• **GOAL OF THE EXERCISE**: Return each line of the listing below, unchanged, and omit the images.

• **AVAILABLE RECORDS**:

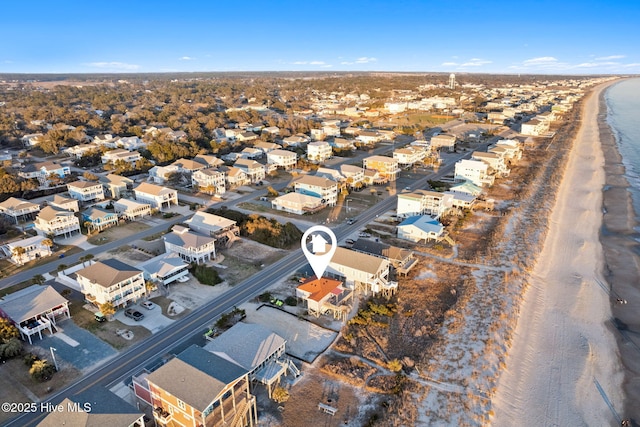 bird's eye view featuring a water view and a residential view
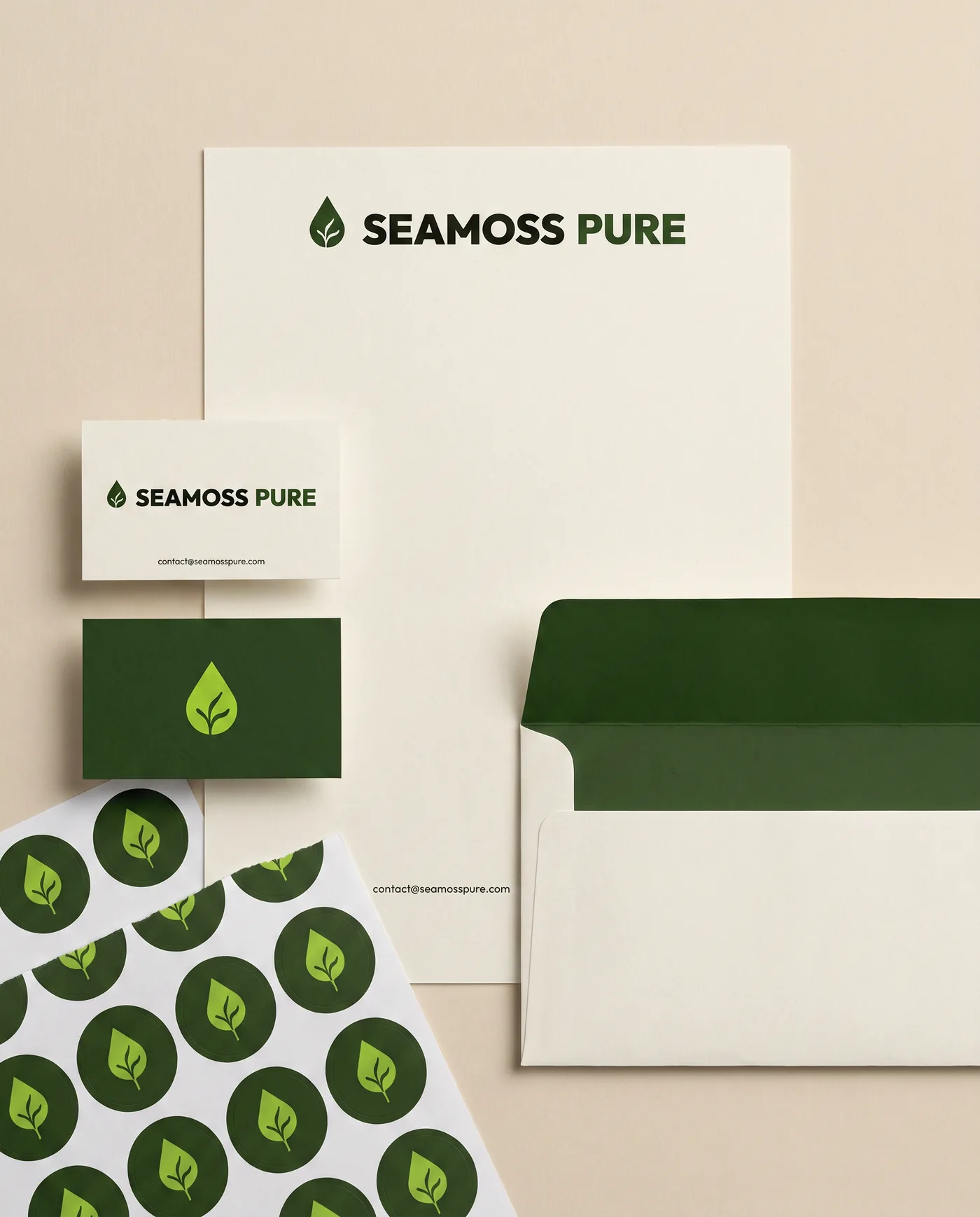 Letterhead, business cards, stickers and an envelope in olive and cream.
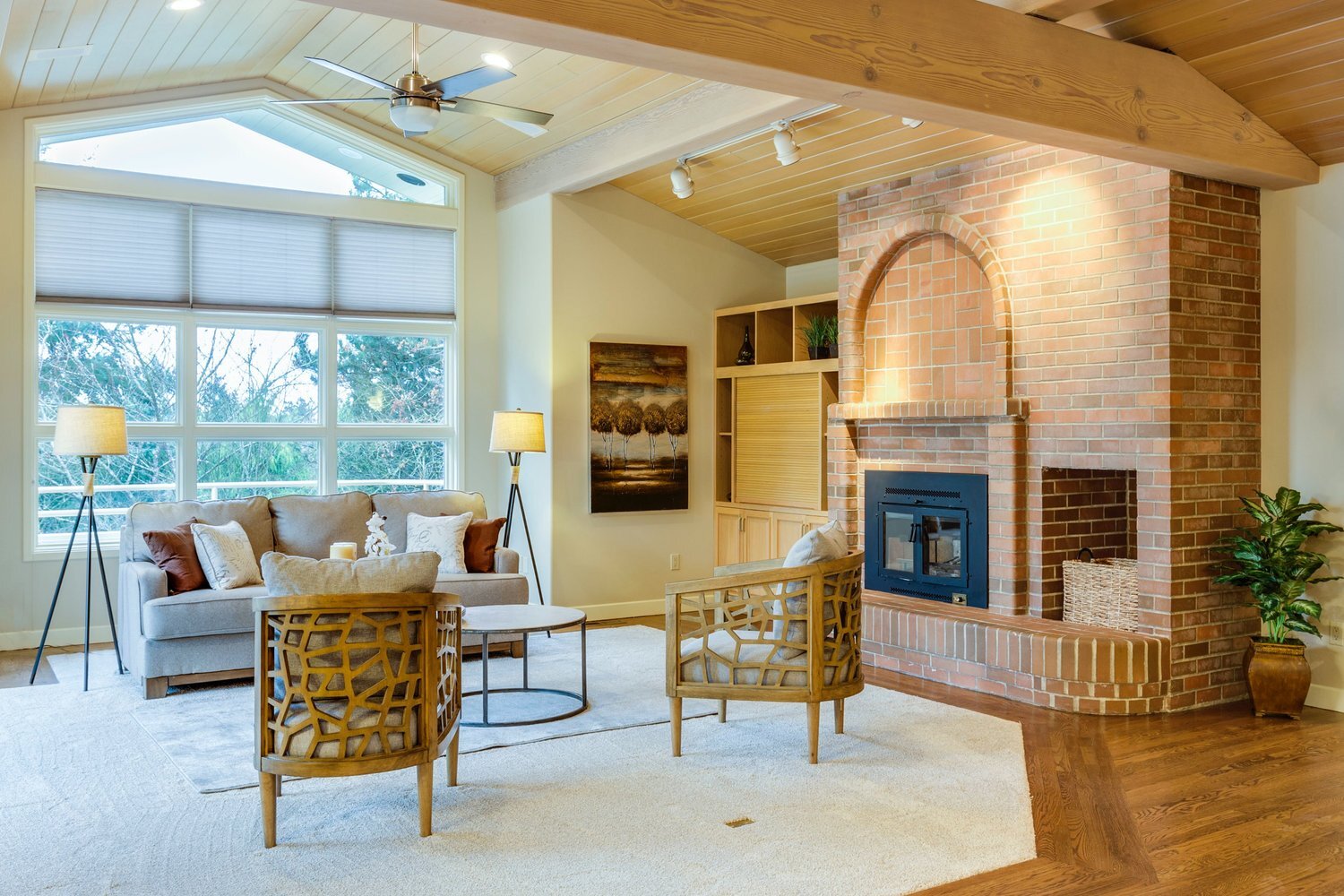 Rustic open concept living space with exposed brick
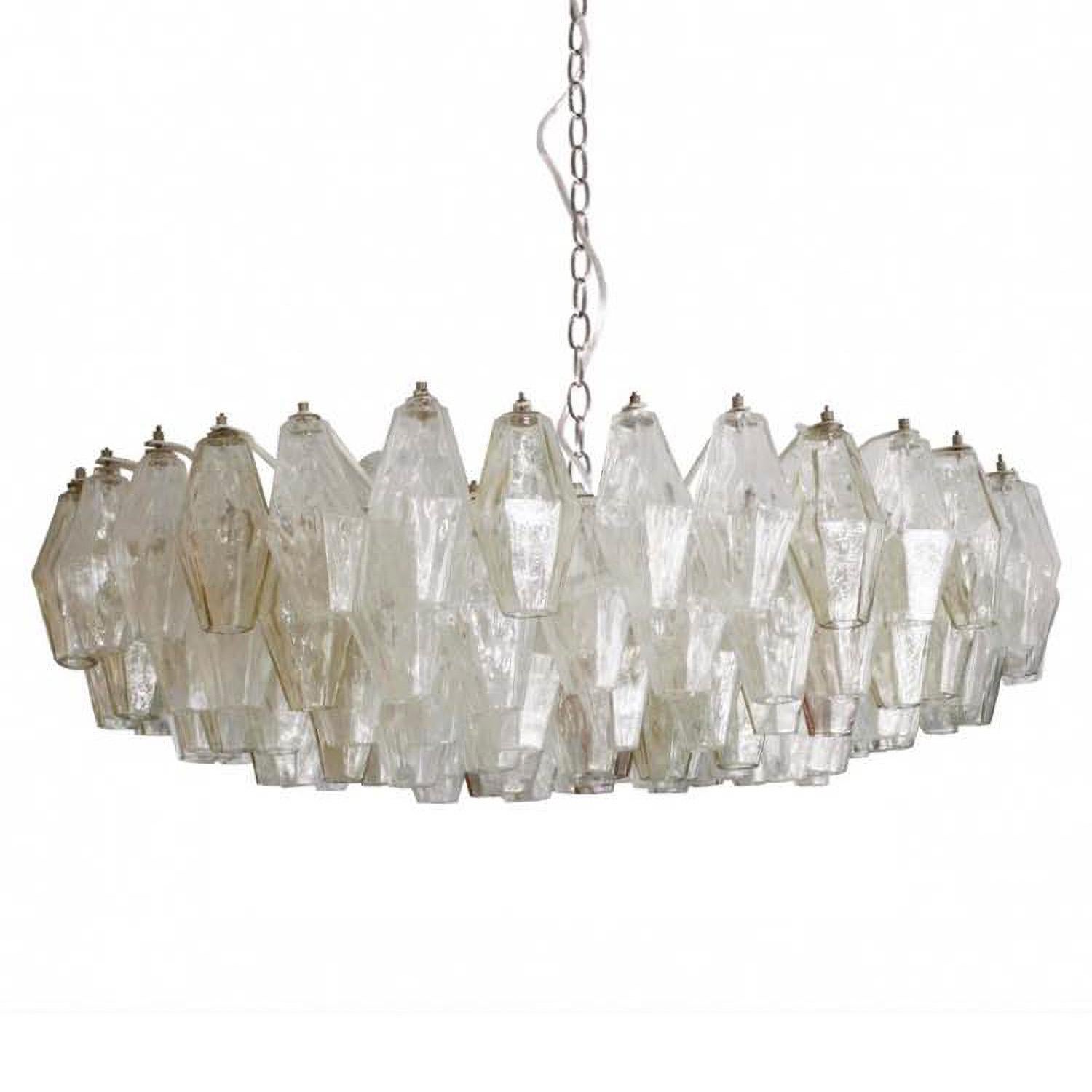 Pair of splendid polyhedron chandeliers by Carlo Scarpa for Venini production Towards the middle of the fifties they are in blown glass and are of the first edition.
They are composed of more than 200 polyhedra each, they are mounted on their
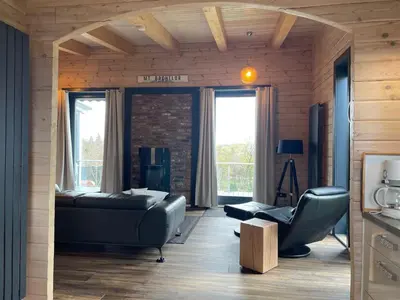 Ein Sitzbereich in der Unterkunft Blockhaus Kik im Harz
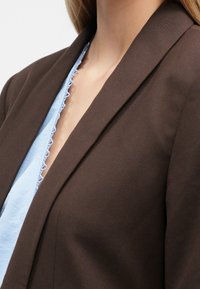 Brązowa marynarka z wyciętym kołnierzem i czystymi liniami, zestawiona z jasnoniebieską bluzką z detalem w postaci karbowanego dekoltu. Miękka, teksturowana tkanina.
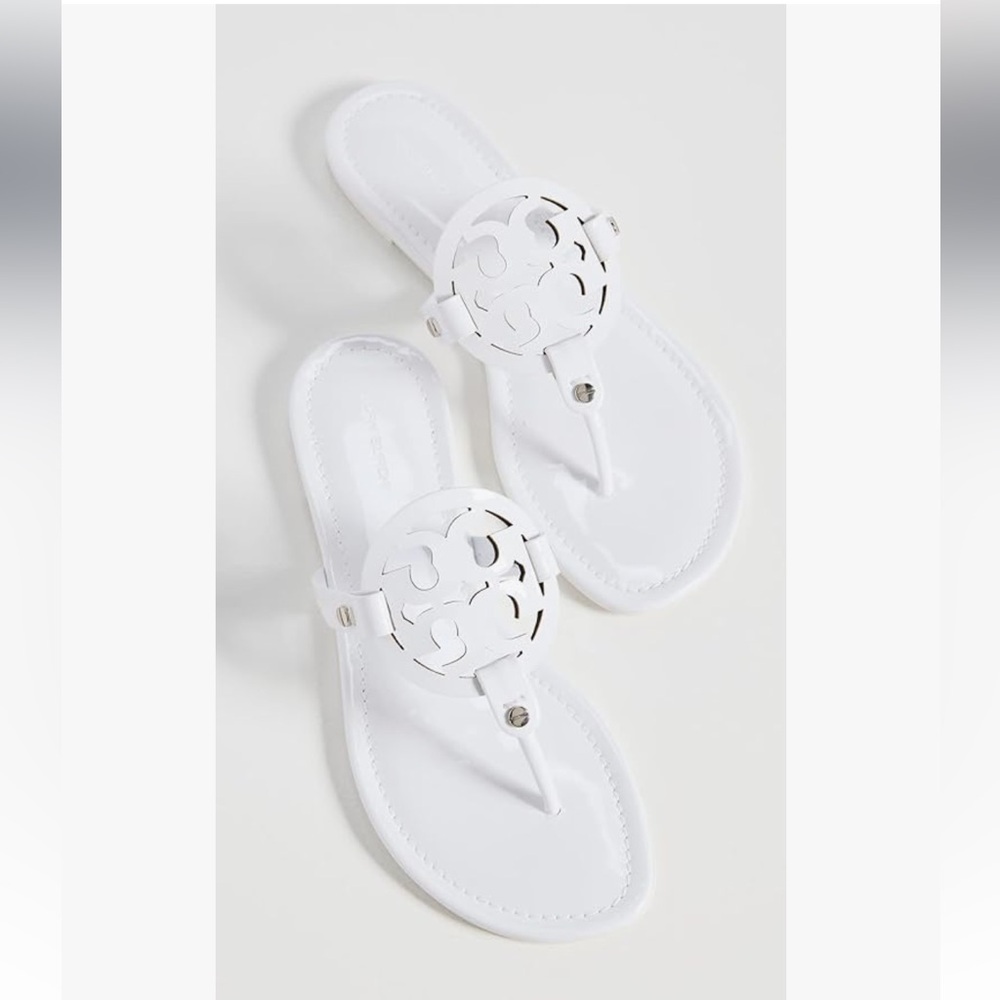Tory Burch 
Miller cut-out leather flip-flops
$267 Sandals Sz 59 optical white - Picture 2 of 16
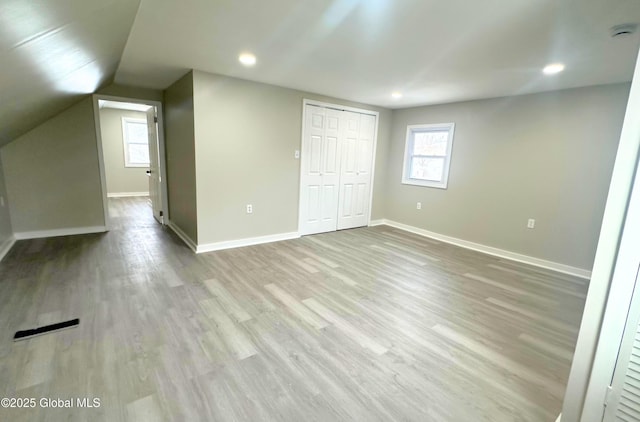 interior space with light wood-type flooring and vaulted ceiling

• **COMPLETED EXERCISE**:
 bird's eye view featuring a water view and a residential view
 Letterhead, business cards, stickers and an envelope in olive and cream.
 Rustic open concept living space with exposed brick
 Pair of splendid polyhedron chandeliers by Carlo Scarpa for Venini production Towards the middle of the fifties they are in blown glass and are of the first edition.
They are composed of more than 200 polyhedra each, they are mounted on their
 Ein Sitzbereich in der Unterkunft Blockhaus Kik im Harz
 Brązowa marynarka z wyciętym kołnierzem i czystymi liniami, zestawiona z jasnoniebieską bluzką z detalem w postaci karbowanego dekoltu. Miękka, teksturowana tkanina.
Tory Burch 
Miller cut-out leather flip-flops
$267 Sandals Sz 59 optical white - Picture 2 of 16
 interior space with light wood-type flooring and vaulted ceiling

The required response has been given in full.